AIM OF THE EXERCISE: When you reach the line that contains "Mężczyzna z gigantycznym", begin copying exactly, and continue through the last line of the data; no pictures belong in the copy.

STORED DATA:
■ ■ ■

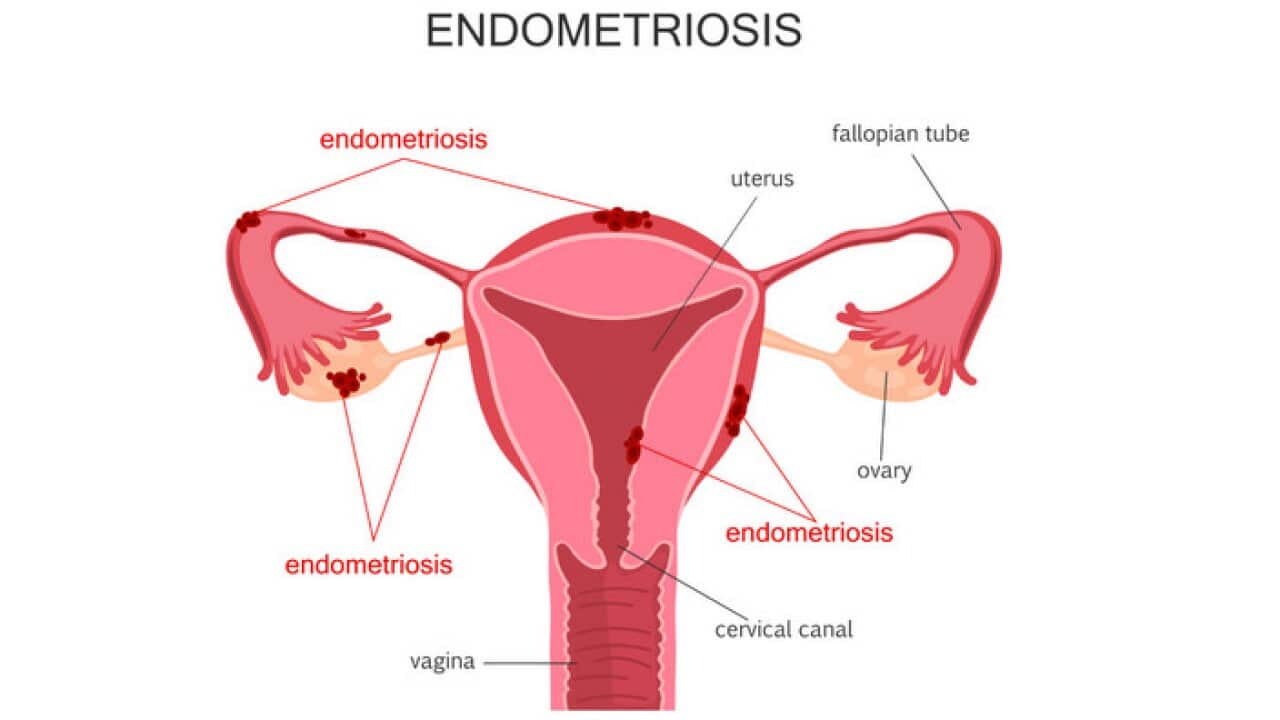 endometriosis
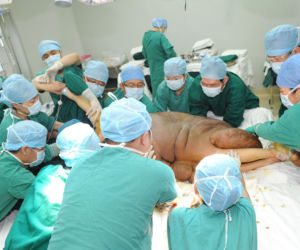 Mężczyzna z gigantycznym guzem! Narośl ważyła 107 kilogramów!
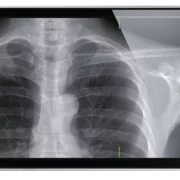 Diagnosis apps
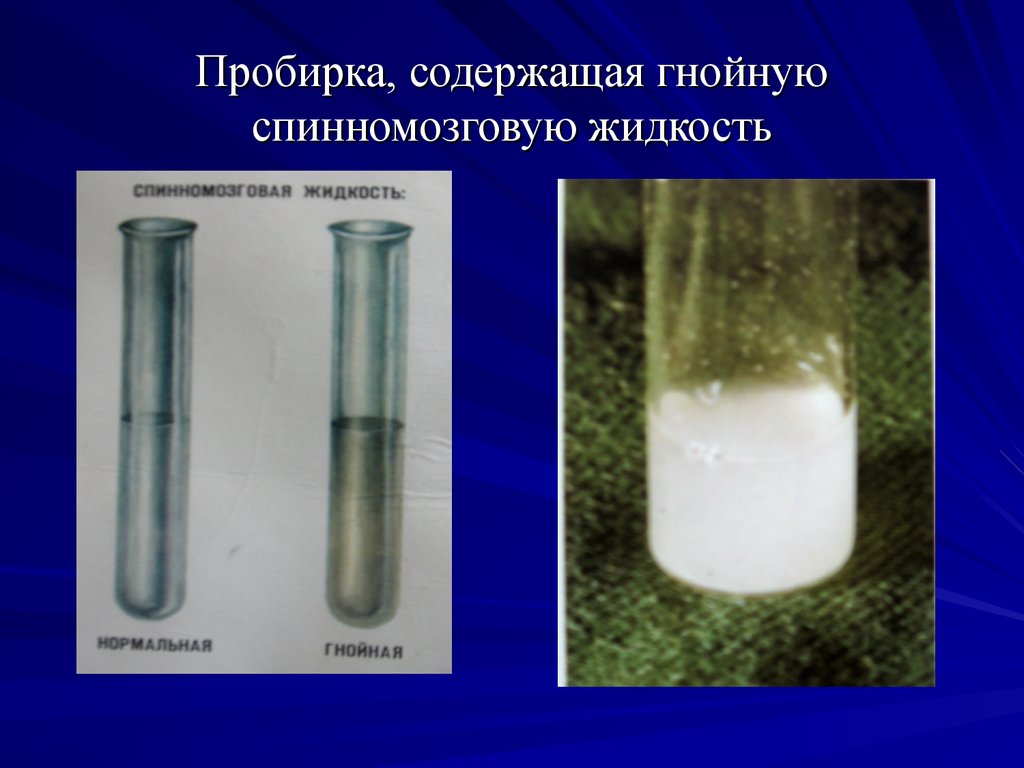 Спинная жидкость. СМЖ В пробирке. Спинномозговая жидкость в пробирке. Опалесцирующая спинномозговая жидкость. Спинномозговая жидкость как выглядит.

■ ■ ■

EXERCISE ANSWER:
 Mężczyzna z gigantycznym guzem! Narośl ważyła 107 kilogramów!
 Diagnosis apps
 Спинная жидкость. СМЖ В пробирке. Спинномозговая жидкость в пробирке. Опалесцирующая спинномозговая жидкость. Спинномозговая жидкость как выглядит.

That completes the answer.